> If you nevertheless observe 500 being returned in practice, this might be the
> actual thing to focus on.
Even with sub 100 requests and 4 workers, I've experienced it multiple times,
where simply because the number of cache keys got exceeded, it was throwing 500
internal server errors for new uncached requests for hours on end (The
particular instance, I have about 300 expired keys per 5 minutes)

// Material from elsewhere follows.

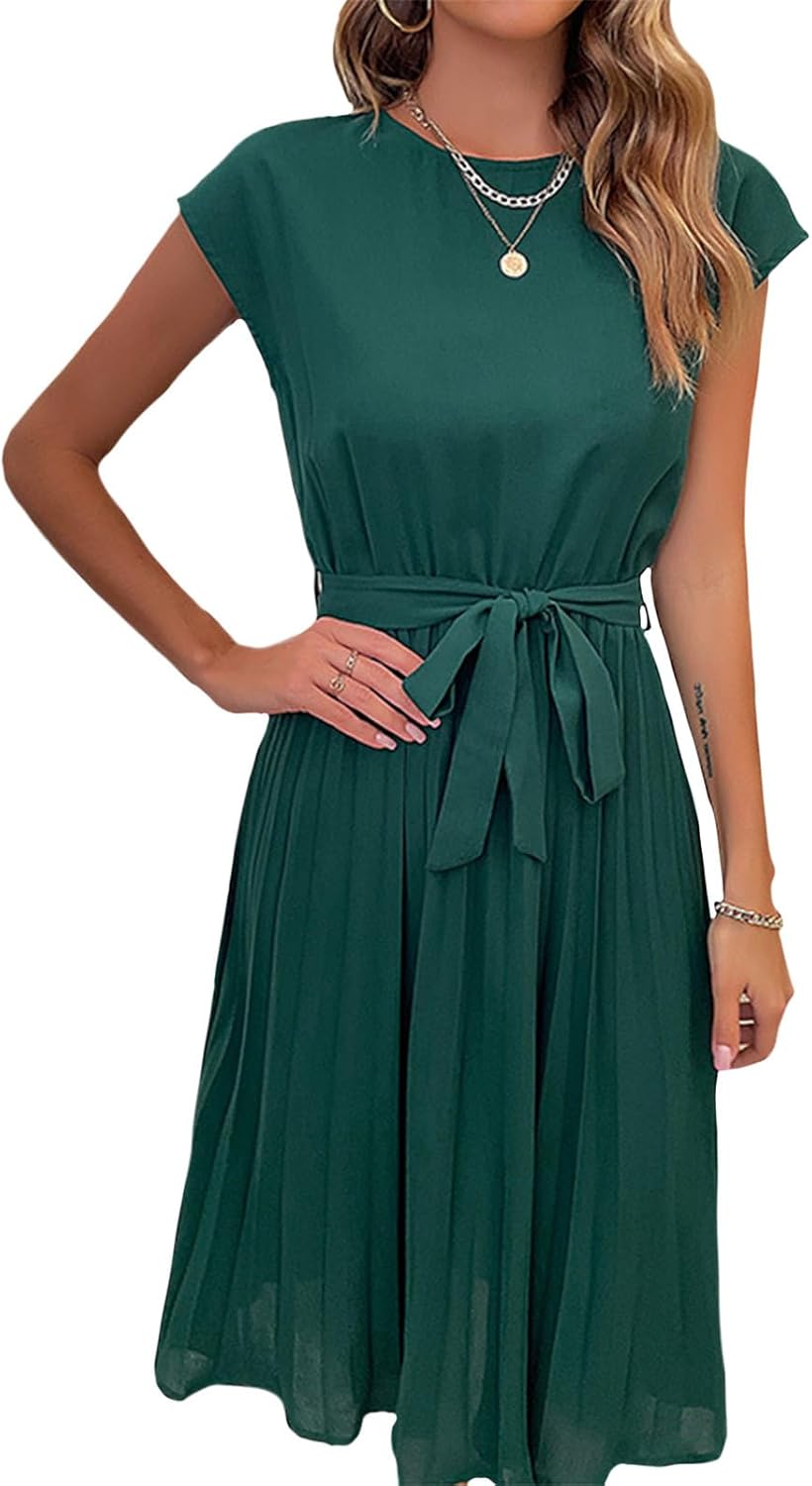 Bejirog Pleated Midi Dress for Women, Belted Tie Waist A-Line Short Sleeve Crew Neck Elegant Summer Wedding Guest Dress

When it happens again, I'll obviously investigate further if it's not supposed
to happen.
> an attacker can easily request the same resource several times, moving it to
> the "normal" category
Correct, an attacker can almost always find ways to do things if they want to,
I've just yet to see them being "smart" enough to request the things multiple
times.
Even if it's not an attacker, but a misconfigured application (That isn't
directly managed by whoever manage the nginx server), if an application for
example would pass through identifiers in the URI (imagine gclid or fbclid
hashes) - these types of IDs are generally unique per visitor, query strings
may differ, but we're only going to see that request once or twice in 99% of
the cases where this happens. As a result of that we do not fill the disk
because of min_uses, but we do fill the memory because it isn't cleared out
before reaching the inactive option.
So at least in use-cases like that, we'd often be able to mitigate somewhat
misconfigured applications - it's quite common within the CDN industry to see
this issue anyway. While the ones running the CDN then obviously have to reach
out to the customer and ask them to fix their application, it would be awesome
to have a more proactive approach available, that would limit the importance of
an urgent fix.
What I can hear is that you don't see the point of such feature, that's fine __
I guess the alternative is to use lua to hook into nginx for the cache
metadata/shm (probably needs a custom nginx module as well since the shm isn't
exposed in lua); Then one should be able to wipe out the keys that are useless
that way.
Best Regards,
Lucas Rolff
On 18/05/2021, 03.27, "nginx on behalf of Maxim Dounin"
wrote:
Hello!
On Mon, May 17, 2021 at 07:33:43PM +, Lucas Rolff wrote:
> Hi Maxim!
>
> > - The attack you are considering is not about "poisoning". At
> > most, it can be used to make the cache less efficient.
>
> Poisoning is probably the wrong word indeed, and since nginx
> doesn't really handle reaching the limit of keys_zone, it simply
> starts to return a 500 internal server error. So I don't think
> it's making the cache less efficient (Other than you won't be
> able to cache that much), you're ending up breaking nginx
> because when the keys_zone limit has been reached, nginx simply
> starts returning 500 internal server error for items that are
> not already in proxy_cache - if it would do an LRU/LFU on the
> keys - then yes, you could probably end up with a cache less
> efficient.
While 500 is possible in some cases, especially in configurations
with many worker processes and high request concurrency, even in
the worst case it's expected to happen at most for half of the
requests, usually much less than that. Further, cache manager
monitors the number of cache items in the keys_zone, cleaning
things in advance, making 500 almost impossible in practice.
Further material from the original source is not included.